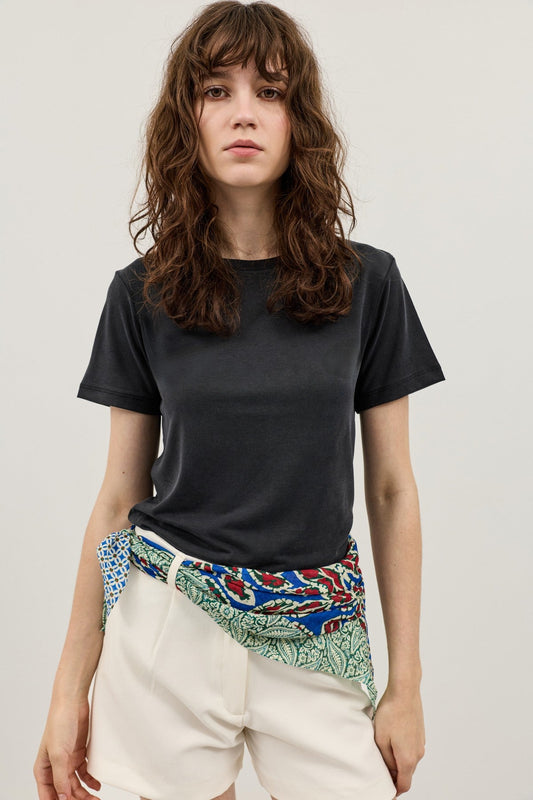 T-Shirt with Modal Blend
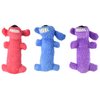 (3 Pack) Multipet Mini Plush Loofa Dog Toy 6-Inch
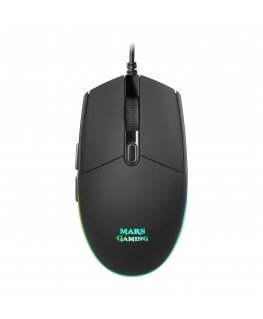 Mars Gaming MMG hiir Mängimine Parempoolne USB tüüp A Optiline 3200 DPI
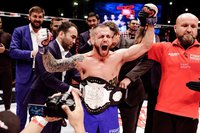 Fight Nights Global 75: Томаш Дэк победил Никиту Чистякова (ТКО) и стал Чемпионом в легчайшем весе. ВИДЕО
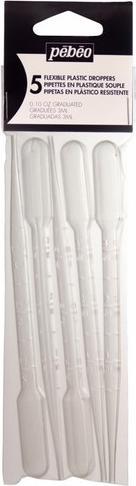 Image du produit Pebeo Set de 5 Pipettes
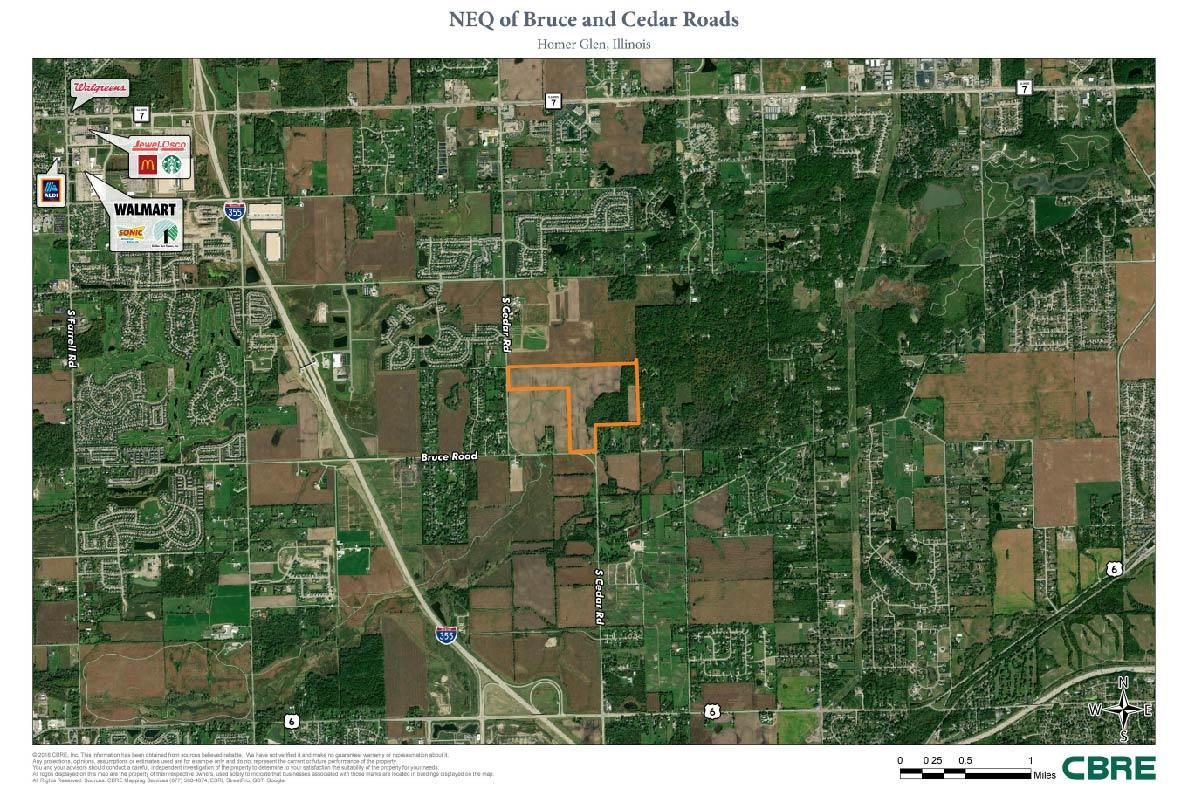 Homer Glen, Will County, IL Undeveloped Land for sale Property ID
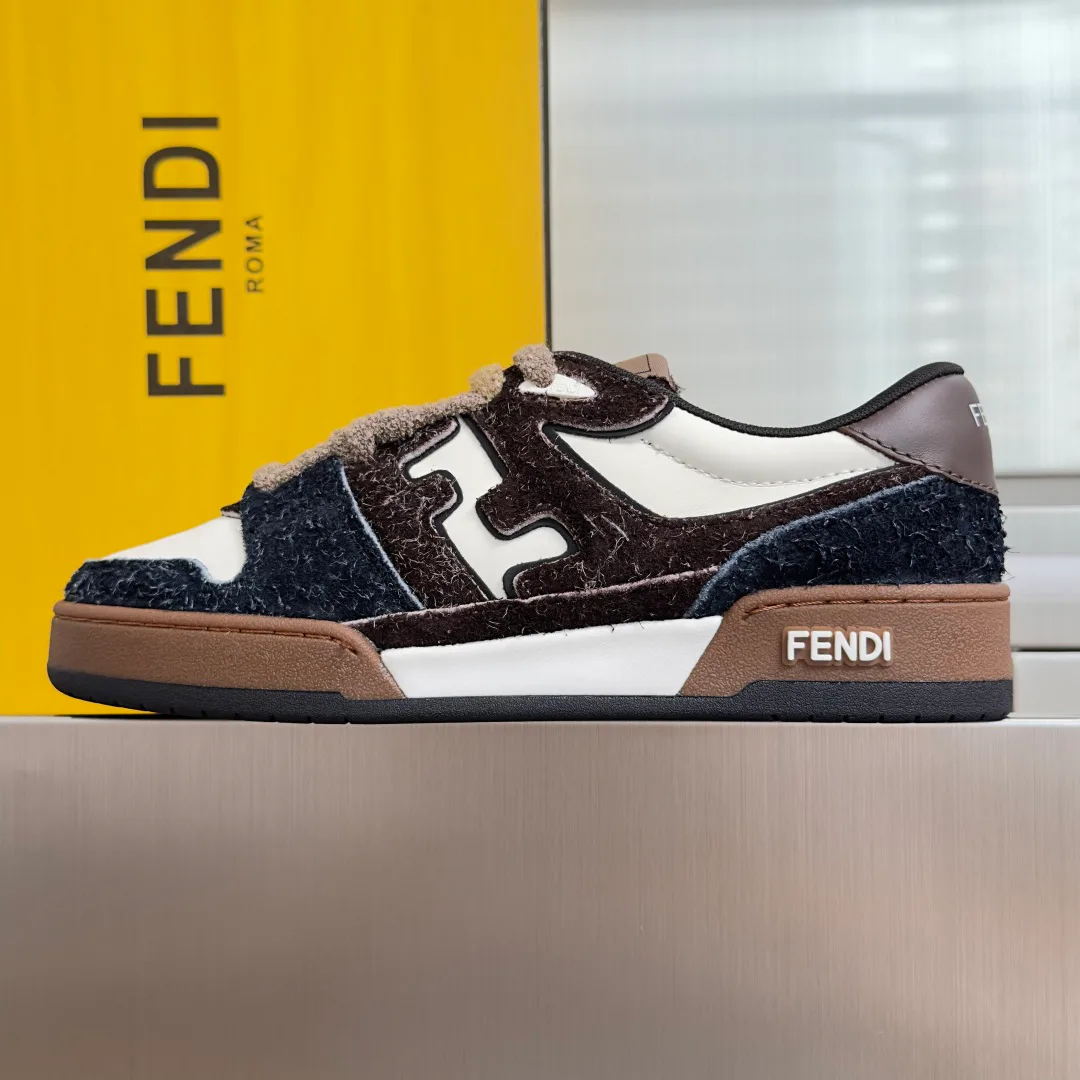 Кроссовки Женские Fendi 13183853
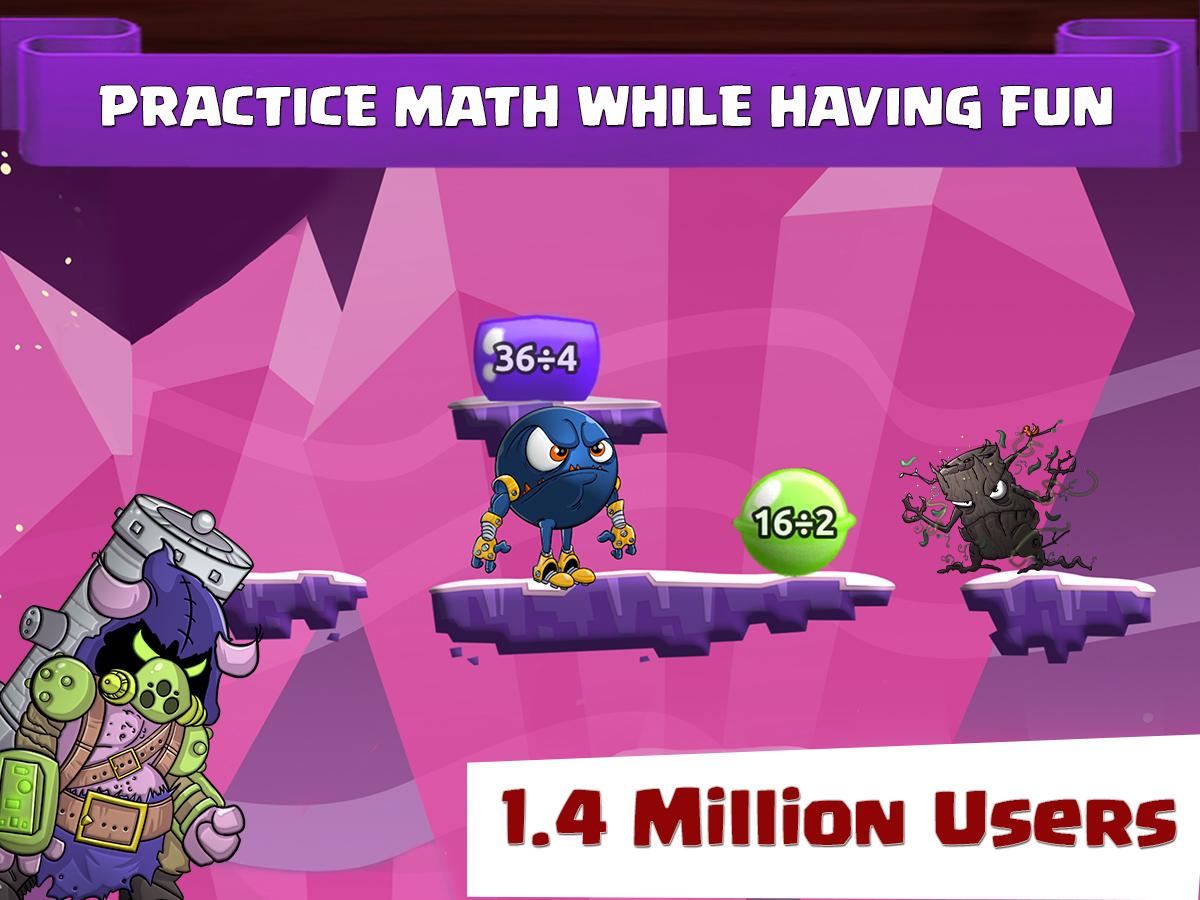 Monster Math – Free Math Game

☆ ☆ ☆

◆ AIM OF THE TASK ◆
Print the part of the listing above that opens with the line containing "Mars Gaming MMG" and closes with the line containing "Image du produit Pebeo Set de 5 Pipettes". Copy it exactly, both ends included, and omit the pictures.

◆ ANSWER BOX ◆
 Mars Gaming MMG hiir Mängimine Parempoolne USB tüüp A Optiline 3200 DPI
 Fight Nights Global 75: Томаш Дэк победил Никиту Чистякова (ТКО) и стал Чемпионом в легчайшем весе. ВИДЕО
 Image du produit Pebeo Set de 5 Pipettes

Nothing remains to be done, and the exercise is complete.